### Problem
Only the lines from the top of the following listing through the line with "Chiquease Women's Halter" belong in your answer, exactly as written.

::: Material for this task :::

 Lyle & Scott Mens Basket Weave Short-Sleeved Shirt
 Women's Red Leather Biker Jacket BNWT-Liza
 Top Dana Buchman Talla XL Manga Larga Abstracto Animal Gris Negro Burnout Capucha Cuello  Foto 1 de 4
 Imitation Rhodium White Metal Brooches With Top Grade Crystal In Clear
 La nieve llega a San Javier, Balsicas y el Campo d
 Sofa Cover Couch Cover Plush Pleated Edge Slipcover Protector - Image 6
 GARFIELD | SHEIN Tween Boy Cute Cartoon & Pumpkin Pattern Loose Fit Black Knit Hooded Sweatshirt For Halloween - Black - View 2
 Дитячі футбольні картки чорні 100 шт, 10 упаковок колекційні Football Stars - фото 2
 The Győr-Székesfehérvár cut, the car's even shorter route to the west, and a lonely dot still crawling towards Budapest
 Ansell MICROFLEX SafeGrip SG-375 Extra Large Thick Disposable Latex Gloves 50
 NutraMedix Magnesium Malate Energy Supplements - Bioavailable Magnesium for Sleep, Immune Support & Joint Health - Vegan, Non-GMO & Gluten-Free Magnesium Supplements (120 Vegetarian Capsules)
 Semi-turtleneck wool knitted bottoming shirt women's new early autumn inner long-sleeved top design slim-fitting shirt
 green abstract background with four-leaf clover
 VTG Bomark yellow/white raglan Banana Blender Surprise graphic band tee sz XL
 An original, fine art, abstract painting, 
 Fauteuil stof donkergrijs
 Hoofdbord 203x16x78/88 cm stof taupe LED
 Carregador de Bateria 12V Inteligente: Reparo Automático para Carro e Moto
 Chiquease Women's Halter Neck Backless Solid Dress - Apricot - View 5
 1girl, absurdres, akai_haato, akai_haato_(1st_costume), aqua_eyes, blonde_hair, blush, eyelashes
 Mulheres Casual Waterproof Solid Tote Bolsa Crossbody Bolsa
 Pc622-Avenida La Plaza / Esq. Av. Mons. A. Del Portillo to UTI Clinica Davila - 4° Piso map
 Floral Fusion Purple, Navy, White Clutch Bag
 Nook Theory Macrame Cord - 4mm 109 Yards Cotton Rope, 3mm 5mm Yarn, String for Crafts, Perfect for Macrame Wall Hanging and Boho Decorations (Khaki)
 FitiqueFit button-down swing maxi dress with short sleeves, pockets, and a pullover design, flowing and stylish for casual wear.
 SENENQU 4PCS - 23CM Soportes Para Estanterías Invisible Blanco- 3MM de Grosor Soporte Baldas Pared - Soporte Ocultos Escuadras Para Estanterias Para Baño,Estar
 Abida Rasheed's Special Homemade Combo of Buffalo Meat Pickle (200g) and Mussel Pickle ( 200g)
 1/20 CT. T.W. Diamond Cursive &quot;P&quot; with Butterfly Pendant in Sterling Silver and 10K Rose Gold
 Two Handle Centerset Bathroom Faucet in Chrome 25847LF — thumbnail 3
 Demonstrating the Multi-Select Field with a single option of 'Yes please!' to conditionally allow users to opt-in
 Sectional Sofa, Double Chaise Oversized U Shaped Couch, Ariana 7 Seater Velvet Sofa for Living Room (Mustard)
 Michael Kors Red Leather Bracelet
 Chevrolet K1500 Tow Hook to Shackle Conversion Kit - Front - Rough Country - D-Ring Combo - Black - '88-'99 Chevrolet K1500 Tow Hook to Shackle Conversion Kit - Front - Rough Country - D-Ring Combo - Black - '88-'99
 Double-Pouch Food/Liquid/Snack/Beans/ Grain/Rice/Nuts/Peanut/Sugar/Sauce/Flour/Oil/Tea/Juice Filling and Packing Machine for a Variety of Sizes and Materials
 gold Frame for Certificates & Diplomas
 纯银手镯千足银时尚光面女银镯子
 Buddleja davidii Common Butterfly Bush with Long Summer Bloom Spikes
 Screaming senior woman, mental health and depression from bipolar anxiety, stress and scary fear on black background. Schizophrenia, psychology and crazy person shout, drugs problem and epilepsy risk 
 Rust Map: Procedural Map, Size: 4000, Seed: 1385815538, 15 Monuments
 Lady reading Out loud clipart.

:::

### Answer space
 Lyle & Scott Mens Basket Weave Short-Sleeved Shirt
 Women's Red Leather Biker Jacket BNWT-Liza
 Top Dana Buchman Talla XL Manga Larga Abstracto Animal Gris Negro Burnout Capucha Cuello  Foto 1 de 4
 Imitation Rhodium White Metal Brooches With Top Grade Crystal In Clear
 La nieve llega a San Javier, Balsicas y el Campo d
 Sofa Cover Couch Cover Plush Pleated Edge Slipcover Protector - Image 6
 GARFIELD | SHEIN Tween Boy Cute Cartoon & Pumpkin Pattern Loose Fit Black Knit Hooded Sweatshirt For Halloween - Black - View 2
 Дитячі футбольні картки чорні 100 шт, 10 упаковок колекційні Football Stars - фото 2
 The Győr-Székesfehérvár cut, the car's even shorter route to the west, and a lonely dot still crawling towards Budapest
 Ansell MICROFLEX SafeGrip SG-375 Extra Large Thick Disposable Latex Gloves 50
 NutraMedix Magnesium Malate Energy Supplements - Bioavailable Magnesium for Sleep, Immune Support & Joint Health - Vegan, Non-GMO & Gluten-Free Magnesium Supplements (120 Vegetarian Capsules)
 Semi-turtleneck wool knitted bottoming shirt women's new early autumn inner long-sleeved top design slim-fitting shirt
 green abstract background with four-leaf clover
 VTG Bomark yellow/white raglan Banana Blender Surprise graphic band tee sz XL
 An original, fine art, abstract painting, 
 Fauteuil stof donkergrijs
 Hoofdbord 203x16x78/88 cm stof taupe LED
 Carregador de Bateria 12V Inteligente: Reparo Automático para Carro e Moto
 Chiquease Women's Halter Neck Backless Solid Dress - Apricot - View 5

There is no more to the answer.